It’s no surprise that enrollment in postsecondary education has been on the decline in recent years. According to the National Student Clearinghouse Research Center, overall postsecondary enrollment has decreased 1.5% from Spring 2016 to Spring 2017. That’s the equivalent of a decline of 262,400 students compared to the Spring 2016 semester. Furthermore, there has been a decline of 523,200 students from the Spring 2015 semester to the Spring 2017 semester.
One factor driving the decline in enrollment is the increased cost of tuition. Postsecondary education costs to students have increased approximately 11% in the past five years, according to College Board. This is a substantial increase when compared to U.S. inflation of 6% during the same time period.
That being said, many higher education institutions are feeling the pressure to increase tuition to counter increasing expenses and stagnant revenues. Moody’s found that “one-third of small colleges generated operating deficits in Fiscal year 2016,” which is an increase of 20% when compared to three years ago. With the median age of facilities and equipment increasing consecutively during the past five years from 11.9 years in 2012 to 13.3 years in 2016, there will be fewer opportunities to cut costs in the future.
If only there was a new source of assistance available to students and institutions to help elevate these rising financial pressures. Thanks to Congress and the U.S. Department of Education, there is! Beginning July 1, 2017, Year-Round Pell Grants will be available to students. Eligible students will be able to receive up to 150% of the Student’s Federal Pell Grant Scheduled Award. That’s up to $2,960 in additional Pell grants per year for each student. According to Secretary of Education Betsy DeVos, “expanding access to the Pell program” will allow “student(s) who need additional resources to graduate more quickly and with less debt.”
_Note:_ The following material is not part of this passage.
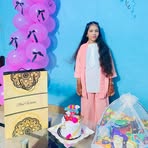 Bisma Amir - Facebook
With the availability of additional government grants, higher education institutions may realize more flexibility when considering the relationship between institutional aid and tuition. Year-Round Pell Grants could serve as a strong incentive for students to enroll in summer classes, and an opportunity for higher education institutions to provide the best value to students through highly promoted summer semesters. No matter how you slice it, year-round Pell is swell.